A quarta temporada do fenômeno Stranger Things segue dando o que falar. Isso porque pela primeira vez desde a estreia do programa lá em 2016, a Netflix resolveu aderir ao formato de episódios espaçados, ao invés de entregar a temporada inteira de uma tacada só. Esse foi o formato de consumir séries implementado inicialmente pela Netflix, que terminou por popularizar o conceito de “maratonar” seus seriados. Quando estreavam, os fãs consumiam tudo da noite para o dia, permanecendo por horas na frente da TV. Com o advento de novos concorrentes para a Netflix, como a Amazon e a Disney Plus produzindo seu próprio conteúdo inédito, foi implementado outro formato que igualmente viria a se mostrar muito bem-sucedido: o de um episódio por semana.
Sim, de certa forma isso é um retrocesso ao que se tinha na TV antes do streaming – onde um episódio inédito é exibido a cada semana. A diferença entre os dois formatos é que exibições semanais terminam por deixar as séries mais tempos na boca do povo, a cada novo episódio gerando mais falatório e fazendo o programa continuar em evidência. A desvantagem é que pode ocasionar também uma perda de interesse por parte do espectador, como ocorreu com algumas das recentes produções da Marvel nas telinhas (mais especificamente Gavião Arqueiro e Cavaleiro da Lua), e o eventual abandono do público.
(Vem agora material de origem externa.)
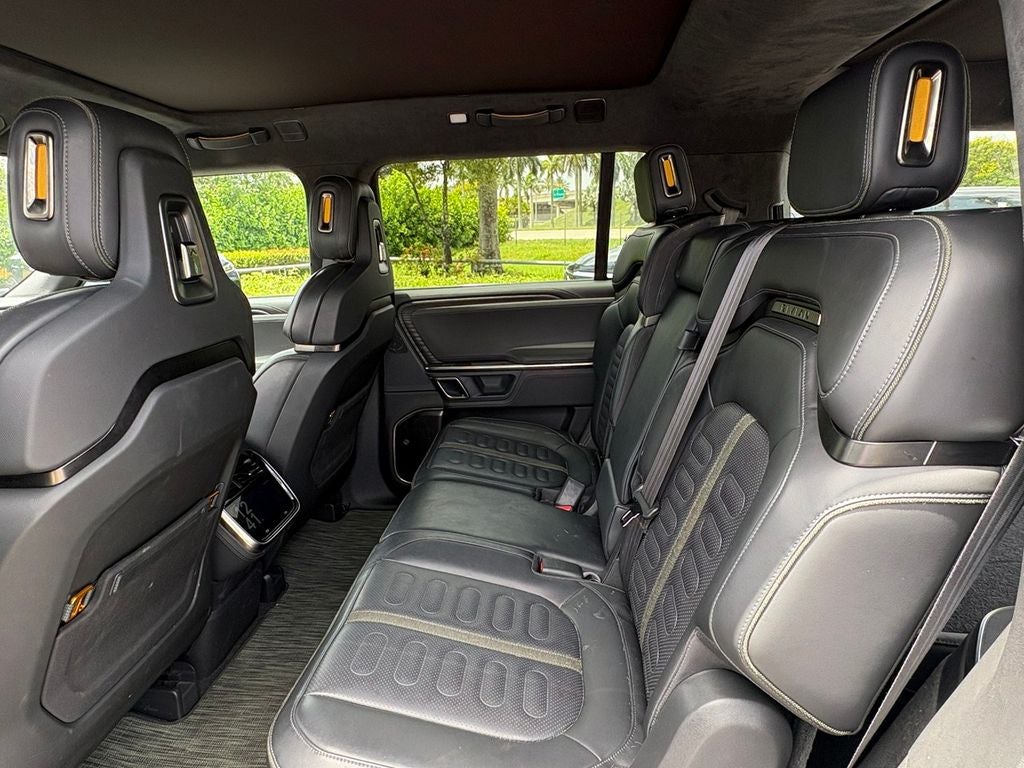 2024 Rivian R1S Adventure Dual Motor Large Pack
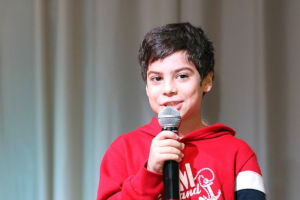 niño dando un discurso gracias a su fluidez verbal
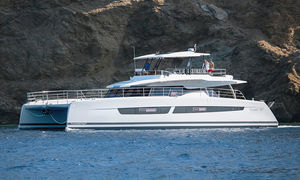 Motor-Katamarane Motoryacht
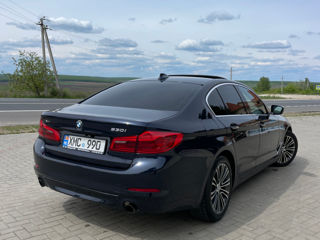 BMW 5 Series foto 3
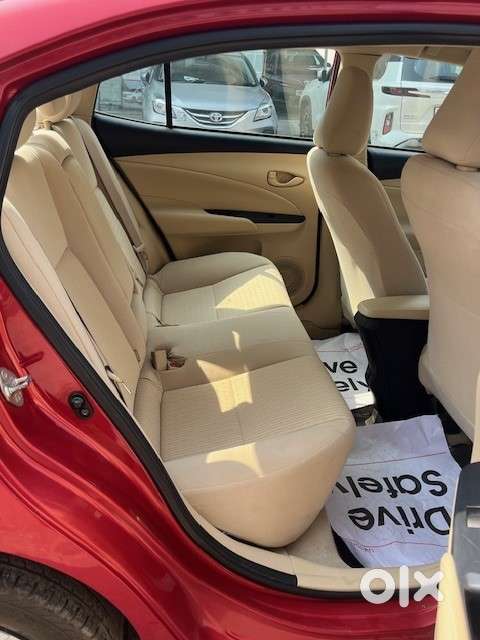 Toyota Yaris J Cvt, 2018, Petrol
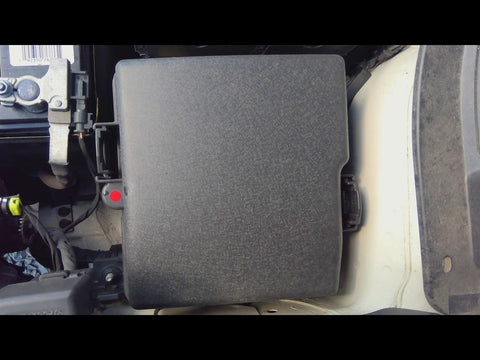 Fuse Box Engine Compartment Canada Market Fits 1316 SANTA FE 4750080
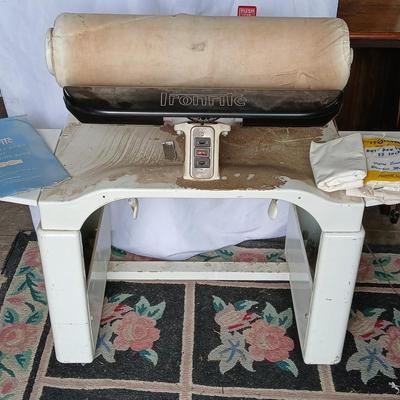 Ironrite Mangle Iron Model 80 Electric Ironer It saves labor! With instruction books and new pads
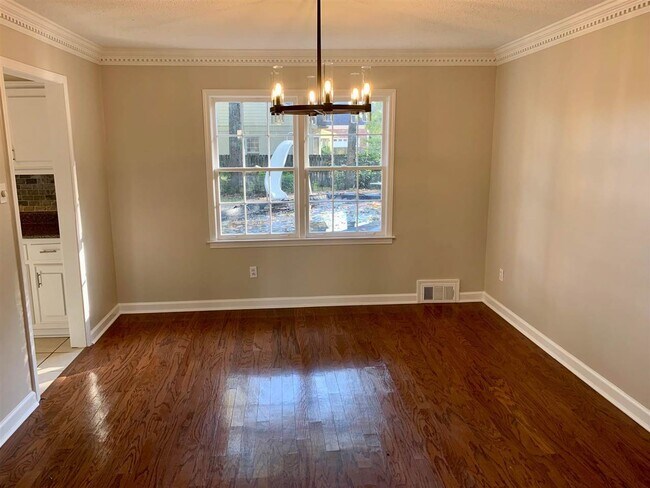 Building Photo - 8105 Savannah Way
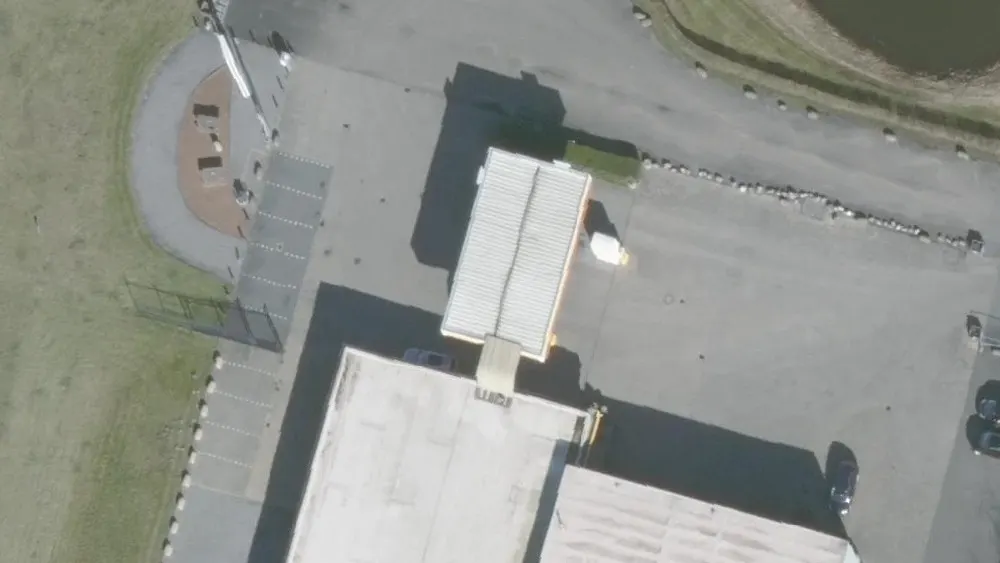 Luchtfoto van de omgeving van Shell Station Van Der Have aan de Manteling 2. Nog geen foto's van de locatie zelf.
Talvez por isso, a escolha da Netflix para Stranger Things tenha ficado num híbrido entre os dois formatos. Nem a temporada inteira de uma vez só, nem episódios semanais. O opção da plataforma número 1 de streaming no mundo foi por dividir o quarto ano do programa em duas partes – como já havia feito em seriados como La Casa de Papel, por exemplo. E aqui talvez a empresa tenha conseguido o melhor dos dois mundos. Ao mesmo tempo em que entrega material suficiente para os fãs maratonarem (e dessa vez com episódios com mais tempo de duração – como o sétimo, com formato de um longa-metragem de 1h40min), manteve também seus espectadores “reféns”, comentando e ansiando por mais um mês pelo desfecho – cujos últimos dois episódios irão ao ar no dia 1º de julho.
Nesta nova matéria, no entanto, iremos abordar um elemento específico da nova temporada: o vilão e tudo que o cerca. Temos certeza que você, bom fã de Stranger Things que é, já conferiu os primeiros sete episódios a esta altura. Mas de qualquer forma, estejam avisados que a partir daqui teremos todos os spoilers possíveis e imagináveis da mais recente temporada. Portanto, continue por sua conta e risco.
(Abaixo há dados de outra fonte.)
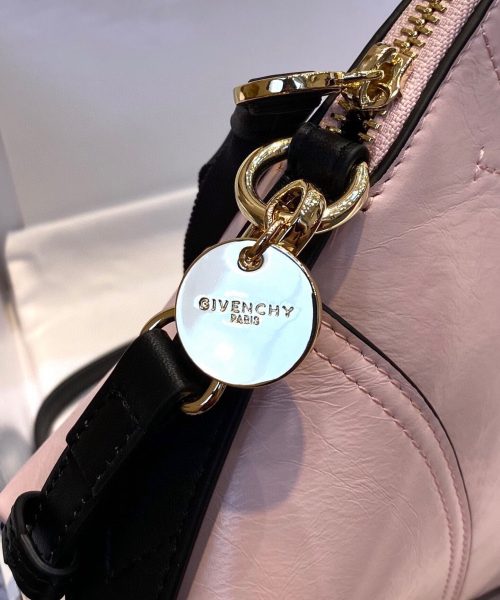 Givenchy Messenger Bag Light Pink For Women, Women's Handbags, Shoulder And Crossbody Bags 9.8in/25cm GVC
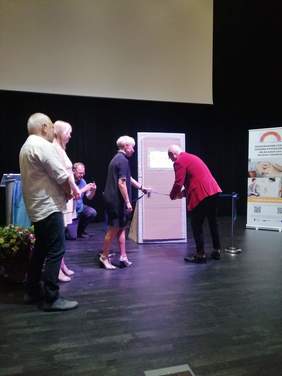 Pokaż zdjęcie: Symboliczne przecięcie wstęgi przez przedstawicieli zarządu Fundacji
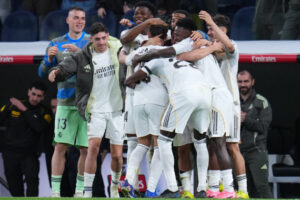 Geniálny gól Ardu Gülera. Hráč Realu Madrid preloboval brankára Elche zo 70 metr...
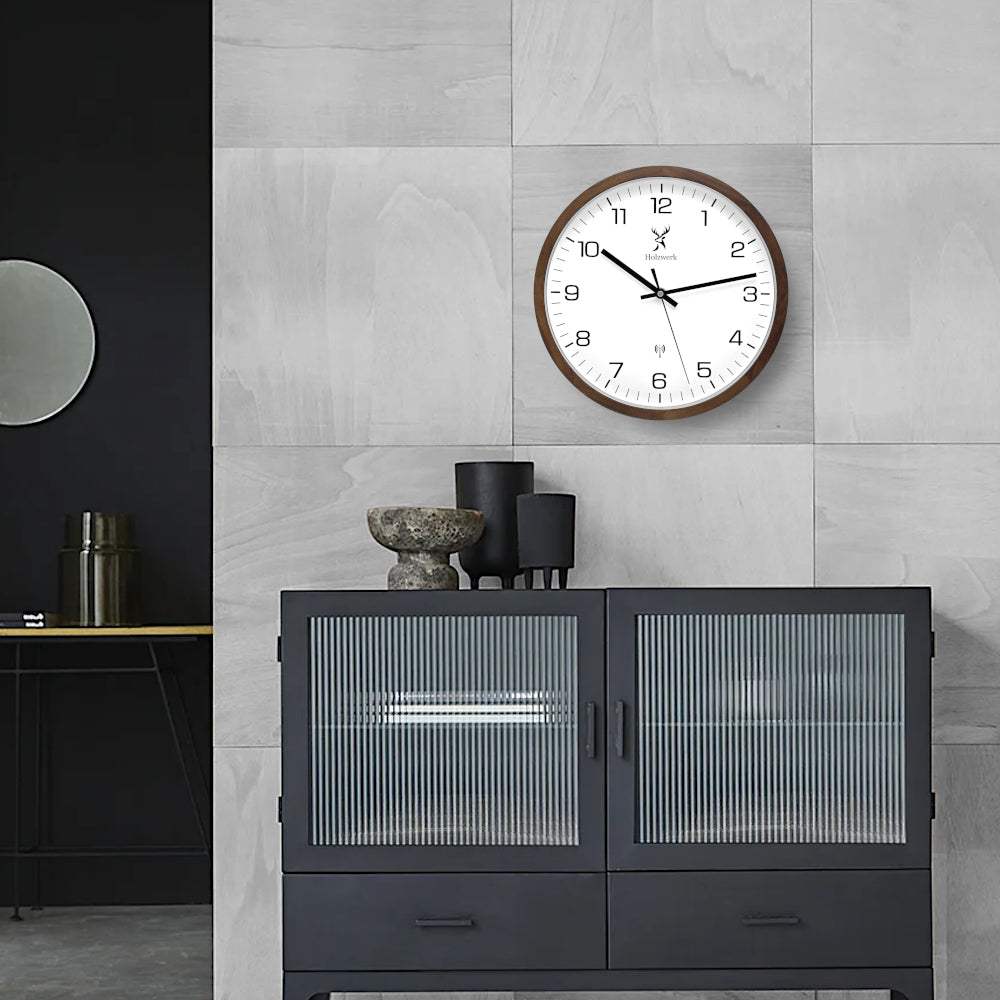 Wandmontage der Holzwerk FELSBERG Holz Funk-Wanduhr 30 cm, geräuschloses Funk-Uhrwerk in braun-weiß mit weißem Ziffernblatt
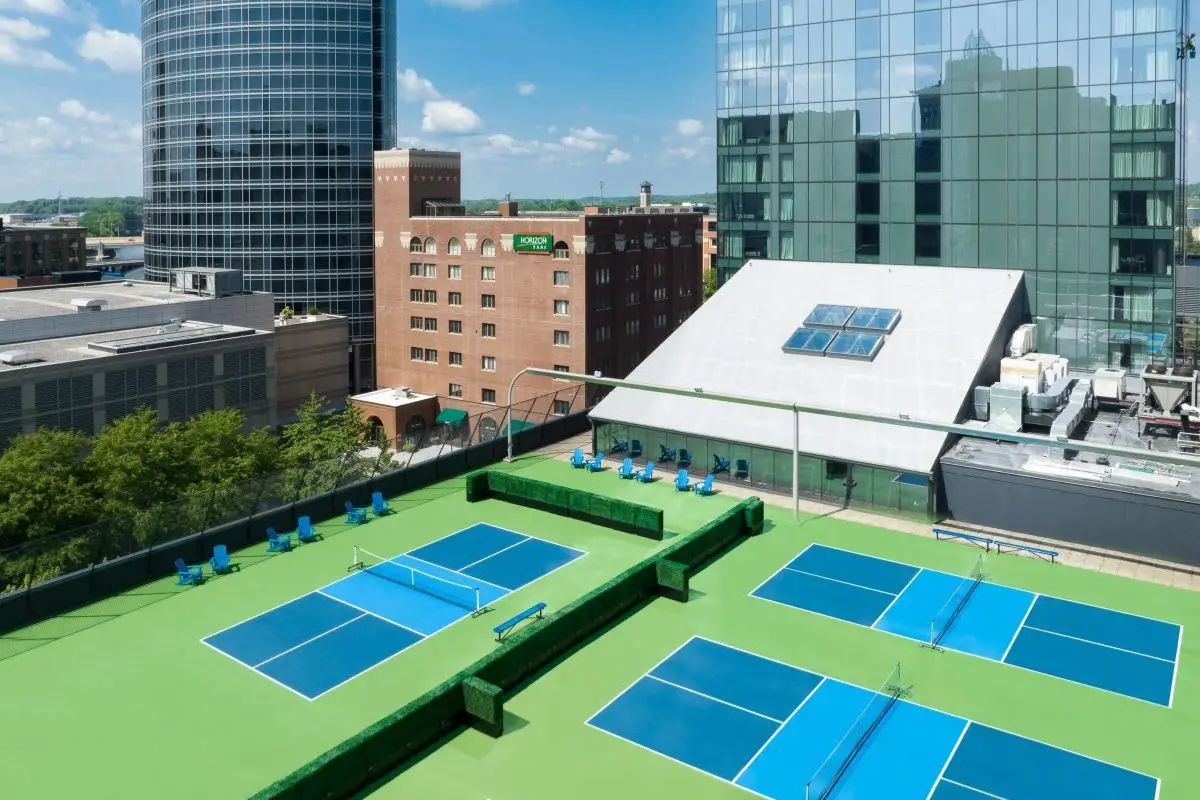 rooftop pickleball courts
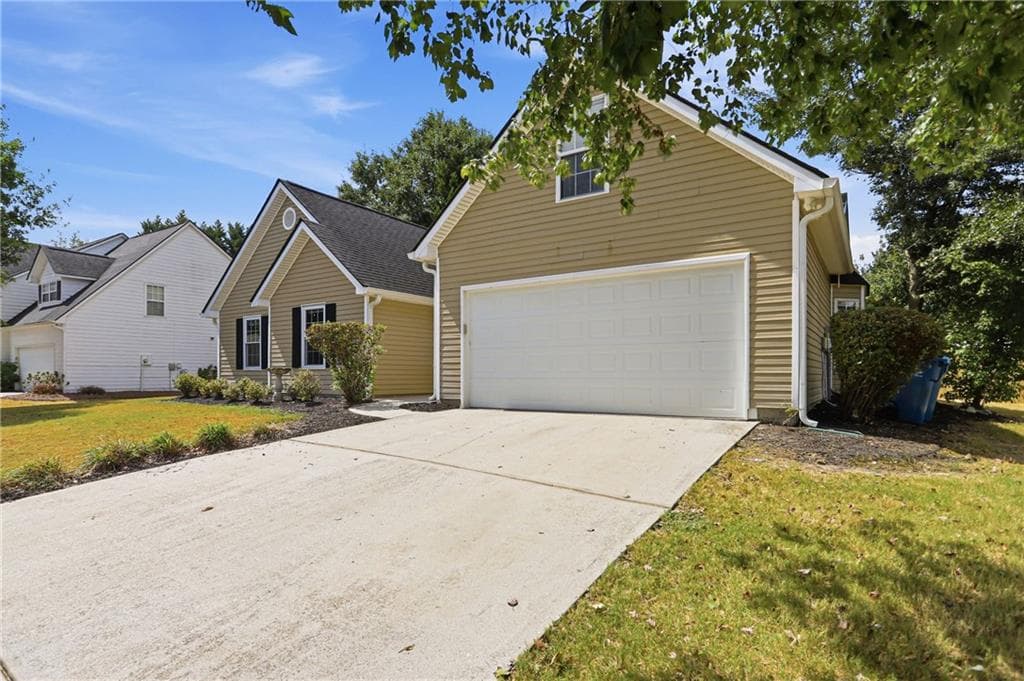 3 bedroom, 2 bathroom, 2,375 sq ft single family residence for sale at 3641 Coveside Court, Loganville, GA 30052 — photo 3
A nova ameaça desta temporada de Stranger Things pode ser considerado o vilão mais humano que o programa já teve até aqui. Nos anos anteriores, os antagonistas principais eram criaturas monstruosas de outra dimensão como o Demogorgon, o Devorador de Mentes e o Monstro-Aranha da terceira temporada. Nenhum deles possuía qualquer elo de humanidade conosco. Porém, isso mudou com a adição de Vecna, o terrível vilão do quarto ano. Para começar, sua forma em si já é mais humanoide, com direito a olhos, boca e nariz. O que chama verdadeiramente atenção, no entanto, é sua incrível semelhança com outro vilão icônico saído lá da década de 80, o demônio dos sonhos Freddy Krueger, imortalizado pela franquia A Hora do Pesadelo.
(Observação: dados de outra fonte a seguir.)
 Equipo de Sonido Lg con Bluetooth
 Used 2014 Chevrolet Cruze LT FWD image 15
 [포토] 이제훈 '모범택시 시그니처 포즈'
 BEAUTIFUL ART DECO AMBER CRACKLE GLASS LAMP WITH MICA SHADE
Para além do clima de terror e ficção científica, e do carisma de seu elenco (todos devidamente transformados em astros mirins), Stranger Things sempre foi desde seus primórdios uma baita homenagem aos anos 80. Esse foi um dos motes nos quais os criadores venderam seu produto: uma série arrepiante inteiramente passada na moda, roupas, penteados e toda cultura pop que fizeram tal década querida pulsar. A primeira temporada se passava em 1983, e desde então a viagem nostálgica ficou garantida. Assim seguiram temporadas em 1984 e 1985, até chegarmos ao mais recente ano, situado desta vez em 1986.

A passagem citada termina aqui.